-- Opening Marker --

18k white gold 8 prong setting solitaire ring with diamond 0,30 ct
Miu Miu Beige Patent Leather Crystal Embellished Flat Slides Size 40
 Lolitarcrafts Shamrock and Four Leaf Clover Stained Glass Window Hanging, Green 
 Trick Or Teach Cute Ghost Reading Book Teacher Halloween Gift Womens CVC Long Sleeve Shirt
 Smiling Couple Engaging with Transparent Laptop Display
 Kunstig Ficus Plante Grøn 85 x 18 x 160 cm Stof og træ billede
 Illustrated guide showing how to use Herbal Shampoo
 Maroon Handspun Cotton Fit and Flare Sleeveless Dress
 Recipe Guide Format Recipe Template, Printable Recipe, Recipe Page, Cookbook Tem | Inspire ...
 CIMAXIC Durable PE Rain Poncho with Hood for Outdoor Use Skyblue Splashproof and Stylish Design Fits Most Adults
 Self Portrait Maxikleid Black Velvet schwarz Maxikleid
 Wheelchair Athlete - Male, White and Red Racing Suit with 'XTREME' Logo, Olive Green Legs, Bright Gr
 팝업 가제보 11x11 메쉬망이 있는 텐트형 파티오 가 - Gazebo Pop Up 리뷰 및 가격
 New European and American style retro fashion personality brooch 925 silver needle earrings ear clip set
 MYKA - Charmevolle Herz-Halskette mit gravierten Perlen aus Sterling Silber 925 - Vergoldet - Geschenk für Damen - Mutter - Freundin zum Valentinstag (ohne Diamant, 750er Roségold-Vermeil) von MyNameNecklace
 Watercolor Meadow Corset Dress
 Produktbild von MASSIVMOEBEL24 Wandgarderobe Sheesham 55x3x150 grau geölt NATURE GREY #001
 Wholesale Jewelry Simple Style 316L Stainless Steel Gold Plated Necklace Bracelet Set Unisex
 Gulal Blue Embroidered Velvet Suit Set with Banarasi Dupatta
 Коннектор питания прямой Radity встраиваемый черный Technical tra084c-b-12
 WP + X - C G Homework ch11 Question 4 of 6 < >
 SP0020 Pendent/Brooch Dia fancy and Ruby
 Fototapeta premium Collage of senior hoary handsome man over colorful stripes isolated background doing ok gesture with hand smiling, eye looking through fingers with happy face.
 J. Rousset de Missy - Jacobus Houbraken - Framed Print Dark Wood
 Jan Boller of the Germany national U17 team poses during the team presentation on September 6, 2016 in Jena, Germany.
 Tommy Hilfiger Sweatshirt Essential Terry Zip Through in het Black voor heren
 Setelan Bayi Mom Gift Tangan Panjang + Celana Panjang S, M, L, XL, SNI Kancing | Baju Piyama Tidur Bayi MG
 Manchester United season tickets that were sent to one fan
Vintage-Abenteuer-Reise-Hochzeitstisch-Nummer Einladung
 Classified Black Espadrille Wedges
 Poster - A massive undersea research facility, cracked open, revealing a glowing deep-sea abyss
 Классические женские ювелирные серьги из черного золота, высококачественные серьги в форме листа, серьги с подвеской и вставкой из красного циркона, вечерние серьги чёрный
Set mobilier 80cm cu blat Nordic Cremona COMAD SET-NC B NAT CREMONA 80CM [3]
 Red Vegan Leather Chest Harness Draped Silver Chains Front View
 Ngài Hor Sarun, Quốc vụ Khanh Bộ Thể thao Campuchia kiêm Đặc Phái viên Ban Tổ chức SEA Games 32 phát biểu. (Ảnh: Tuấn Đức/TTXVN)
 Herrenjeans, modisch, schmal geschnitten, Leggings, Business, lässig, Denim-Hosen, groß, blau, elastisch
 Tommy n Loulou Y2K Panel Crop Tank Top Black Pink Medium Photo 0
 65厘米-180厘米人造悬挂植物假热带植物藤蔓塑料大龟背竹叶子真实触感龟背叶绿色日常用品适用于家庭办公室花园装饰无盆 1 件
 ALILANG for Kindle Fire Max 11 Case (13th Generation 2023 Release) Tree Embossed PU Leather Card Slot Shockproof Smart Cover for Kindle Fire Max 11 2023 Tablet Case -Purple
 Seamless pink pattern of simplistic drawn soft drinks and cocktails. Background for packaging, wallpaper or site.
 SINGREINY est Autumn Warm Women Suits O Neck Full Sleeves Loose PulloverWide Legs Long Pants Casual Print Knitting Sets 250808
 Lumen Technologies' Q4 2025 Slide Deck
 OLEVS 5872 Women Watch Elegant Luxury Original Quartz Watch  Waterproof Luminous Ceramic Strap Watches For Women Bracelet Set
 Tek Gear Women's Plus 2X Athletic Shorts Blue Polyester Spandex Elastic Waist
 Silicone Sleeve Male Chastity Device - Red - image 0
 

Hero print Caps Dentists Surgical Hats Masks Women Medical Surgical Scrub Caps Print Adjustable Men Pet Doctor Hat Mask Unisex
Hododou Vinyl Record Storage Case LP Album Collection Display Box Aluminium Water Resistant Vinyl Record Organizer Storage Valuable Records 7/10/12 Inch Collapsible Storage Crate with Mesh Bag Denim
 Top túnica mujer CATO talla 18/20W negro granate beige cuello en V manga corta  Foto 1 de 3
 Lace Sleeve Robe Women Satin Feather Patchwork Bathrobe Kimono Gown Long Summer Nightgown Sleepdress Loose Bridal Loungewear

-- Closing Marker --

With nothing omitted, set down all of the records again.

18k white gold 8 prong setting solitaire ring with diamond 0,30 ct
Miu Miu Beige Patent Leather Crystal Embellished Flat Slides Size 40
 Lolitarcrafts Shamrock and Four Leaf Clover Stained Glass Window Hanging, Green 
 Trick Or Teach Cute Ghost Reading Book Teacher Halloween Gift Womens CVC Long Sleeve Shirt
 Smiling Couple Engaging with Transparent Laptop Display
 Kunstig Ficus Plante Grøn 85 x 18 x 160 cm Stof og træ billede
 Illustrated guide showing how to use Herbal Shampoo
 Maroon Handspun Cotton Fit and Flare Sleeveless Dress
 Recipe Guide Format Recipe Template, Printable Recipe, Recipe Page, Cookbook Tem | Inspire ...
 CIMAXIC Durable PE Rain Poncho with Hood for Outdoor Use Skyblue Splashproof and Stylish Design Fits Most Adults
 Self Portrait Maxikleid Black Velvet schwarz Maxikleid
 Wheelchair Athlete - Male, White and Red Racing Suit with 'XTREME' Logo, Olive Green Legs, Bright Gr
 팝업 가제보 11x11 메쉬망이 있는 텐트형 파티오 가 - Gazebo Pop Up 리뷰 및 가격
 New European and American style retro fashion personality brooch 925 silver needle earrings ear clip set
 MYKA - Charmevolle Herz-Halskette mit gravierten Perlen aus Sterling Silber 925 - Vergoldet - Geschenk für Damen - Mutter - Freundin zum Valentinstag (ohne Diamant, 750er Roségold-Vermeil) von MyNameNecklace
 Watercolor Meadow Corset Dress
 Produktbild von MASSIVMOEBEL24 Wandgarderobe Sheesham 55x3x150 grau geölt NATURE GREY #001
 Wholesale Jewelry Simple Style 316L Stainless Steel Gold Plated Necklace Bracelet Set Unisex
 Gulal Blue Embroidered Velvet Suit Set with Banarasi Dupatta
 Коннектор питания прямой Radity встраиваемый черный Technical tra084c-b-12
 WP + X - C G Homework ch11 Question 4 of 6 < >
 SP0020 Pendent/Brooch Dia fancy and Ruby
 Fototapeta premium Collage of senior hoary handsome man over colorful stripes isolated background doing ok gesture with hand smiling, eye looking through fingers with happy face.
 J. Rousset de Missy - Jacobus Houbraken - Framed Print Dark Wood
 Jan Boller of the Germany national U17 team poses during the team presentation on September 6, 2016 in Jena, Germany.
 Tommy Hilfiger Sweatshirt Essential Terry Zip Through in het Black voor heren
 Setelan Bayi Mom Gift Tangan Panjang + Celana Panjang S, M, L, XL, SNI Kancing | Baju Piyama Tidur Bayi MG
 Manchester United season tickets that were sent to one fan
Vintage-Abenteuer-Reise-Hochzeitstisch-Nummer Einladung
 Classified Black Espadrille Wedges
 Poster - A massive undersea research facility, cracked open, revealing a glowing deep-sea abyss
 Классические женские ювелирные серьги из черного золота, высококачественные серьги в форме листа, серьги с подвеской и вставкой из красного циркона, вечерние серьги чёрный
Set mobilier 80cm cu blat Nordic Cremona COMAD SET-NC B NAT CREMONA 80CM [3]
 Red Vegan Leather Chest Harness Draped Silver Chains Front View
 Ngài Hor Sarun, Quốc vụ Khanh Bộ Thể thao Campuchia kiêm Đặc Phái viên Ban Tổ chức SEA Games 32 phát biểu. (Ảnh: Tuấn Đức/TTXVN)
 Herrenjeans, modisch, schmal geschnitten, Leggings, Business, lässig, Denim-Hosen, groß, blau, elastisch
 Tommy n Loulou Y2K Panel Crop Tank Top Black Pink Medium Photo 0
 65厘米-180厘米人造悬挂植物假热带植物藤蔓塑料大龟背竹叶子真实触感龟背叶绿色日常用品适用于家庭办公室花园装饰无盆 1 件
 ALILANG for Kindle Fire Max 11 Case (13th Generation 2023 Release) Tree Embossed PU Leather Card Slot Shockproof Smart Cover for Kindle Fire Max 11 2023 Tablet Case -Purple
 Seamless pink pattern of simplistic drawn soft drinks and cocktails. Background for packaging, wallpaper or site.
 SINGREINY est Autumn Warm Women Suits O Neck Full Sleeves Loose PulloverWide Legs Long Pants Casual Print Knitting Sets 250808
 Lumen Technologies' Q4 2025 Slide Deck
 OLEVS 5872 Women Watch Elegant Luxury Original Quartz Watch  Waterproof Luminous Ceramic Strap Watches For Women Bracelet Set
 Tek Gear Women's Plus 2X Athletic Shorts Blue Polyester Spandex Elastic Waist
 Silicone Sleeve Male Chastity Device - Red - image 0
 

Hero print Caps Dentists Surgical Hats Masks Women Medical Surgical Scrub Caps Print Adjustable Men Pet Doctor Hat Mask Unisex
Hododou Vinyl Record Storage Case LP Album Collection Display Box Aluminium Water Resistant Vinyl Record Organizer Storage Valuable Records 7/10/12 Inch Collapsible Storage Crate with Mesh Bag Denim
 Top túnica mujer CATO talla 18/20W negro granate beige cuello en V manga corta  Foto 1 de 3
 Lace Sleeve Robe Women Satin Feather Patchwork Bathrobe Kimono Gown Long Summer Nightgown Sleepdress Loose Bridal Loungewear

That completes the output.